We spend our summers by a lake in Michigan, and every year I am reminded when I get here that riparian rights are under-appreciated as grist for the academic “law and society” mill. They are kind of like space savers in crowded urban street parking spaces that people have shoveled out in after blizzards (see Susan Silbey's article); the difference is that I don't think somebody with a single family home and no driveway would have thought that there was a legal right to the "street bottom" extending out from the property. No, there the "property" right accrues on account of the work invested in clearing the spot. And, as Susan's study notes, the property is denoted with all sorts of artifacts: "old chairs, traffic cones, milk crates, light weight tables, dead house plants, or other noticeably bulky objects."
In contrast, riparian rights are law, not custom. And they are really cool - for a lawyer, kind of the gift that just keeps giving.
What you see in the picture to the left is the northwest section of Lake Charlevoix. Under Michigan law, to figure where the riparian rights go, you have to first decide what the shape of the lake is, circular, oblong or irregular. Lake Charlevoix in total is irregular, but this section of the lake is circular, so one's riparian rights get determined by drawing a line from the point where the boundary line of the property meets the lakeshore to the center of the lake. Aalsburg v. Cashion, 14 Mich. App. 91, 100 (1968). What we see here is the riparian area for a lot with about a 150 foot frontage.
If you own riparian land, as here, you have certain exclusive rights to the lake bottom in your riparian area. One is to erect and maintain a dock and to permanent anchorage off your shore. Lake Charlevoix is a navigable waterway with access to Lake Michigan and ultimately to the Atlantic Ocean, so everybody has the right to use the surface of the lake, including the right to temporary anchorage, but not to the lake bottom. In other words, if you are a member of the public, you can swim through somebody's riparian area, but you don't have the right to wade with your feet on the bottom. On the other hand, the lake at that spot in the middle is about 110 feet deep, so one's practical use of the lake bottom as riparian owner is somewhat limited. And, finally, you can't use your riparian rights to cause hazards to navigation, or to unduly interfere with the riparian rights of others. Thies v. Howland, 424 Mich. 282, 287-88 (1986); West Michigan Dock & Market Corp. v. Lakeland Investments, 201 Mich. App. 505, 513 (1995). So setting a permanent mooring with a swim raft a mile out into the lake, just so you can get away from it all, is likely going to be problematic as well.
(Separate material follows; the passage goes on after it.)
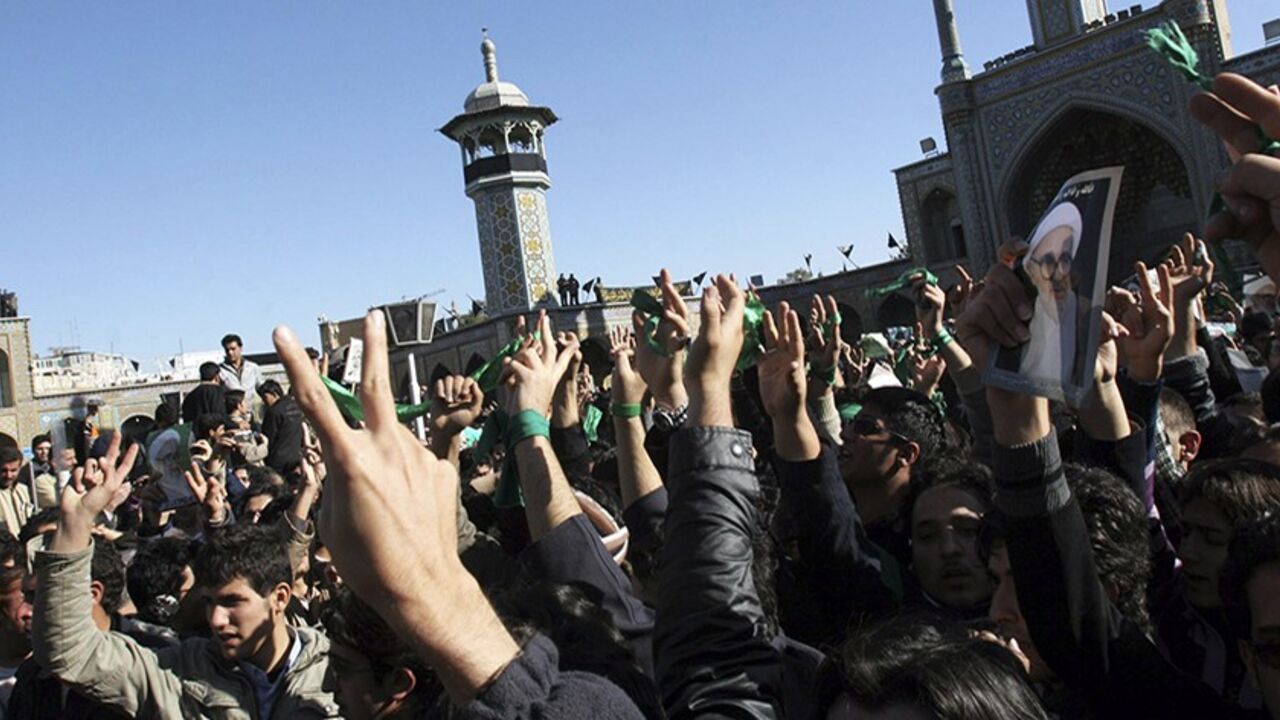 IRAN/ EDITORS' NOTE: Reuters and other foreign media are subject to Iranian restrictions on their ability to film or take pictures in Tehran.
Supporters of the Iranian opposition movement wear green during the funeral of Grand Ayatollah Hossein Ali Montazeri in the holy city of Qom December 21, 2009. Big crowds of mourners chanted anti-government slogans during the funeral of Iran's leading dissident cleric, Grand Ayatollah Hossein Ali Montazeri, in the holy city of Qom on Monday, websites reported. REUTERS/via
Okay, with that background, let's get to the really interesting clash of custom and law after the break, where we'll once again see that there's lots of unauthorized malpractice of law goin' on round here.
Here is the hypothetical conflict between law and custom. As indicated in the diagram below, A, B, and C all own lakeshore property. A and C have their docks as shown. B decides that putting the dock in the center of the property blocks his magnificent view of the lake. B thinks that he should be able to put out a dock perpendicular to the shoreline anywhere on his property, because the black dotted line what he thinks makes sense because docks always are perpendicular to the shore. A is annoyed because she used the C side of her dock as a swimming area, and the B side for her boat. With B's dock where it is, A is going to have a hard time maneuvering her boat into the space.
But B is mistaken (and it's a common mistake, made even by surveyors who don't know the law). B's actual riparian rights are bounded by the red lines.
A has two potential legal claims against B. The first one is that B has unreasonably used his riparian rights so as to interfere with A's use. But that is going to be a toss-up, because B can argue that A isn't denied use of the area; A just has to dock the boat on the other side.
The second legal claim is not a toss-up at all. B is a trespasser. Summary judgment for A.
Here, however, is the law and custom problem for A. A has to be careful what she wishes for, because winning her case against B means that C has exactly the same claim against A. And that domino effect will continue all along the lake. If A has to use law as a remedy, what was a perfectly fine arrangement for many people has the potential to get screwed up because one person (B) was intransigent.
By the way, in Michigan, Lake Charlevoix is known as an "inland" lake. It turns out that the law is different if you own property that abuts Lake Michigan or another of the three other Great Lakes that border the state. This is because the Great Lakes are considered to be the equivalent of an ocean, and the common law of the sea applies. The state owns the lake bottom up to your high water mark. Under the "public trust doctrine," the question will be whether somebody can walk across your beach at low tide. The answer is "yes," under Glass v. Goeckel, 473 Mich. 667, 703 N.W.2d 58 (2005). But Glass explicitly limits its discussion to the Great Lakes and not to "inland lakes."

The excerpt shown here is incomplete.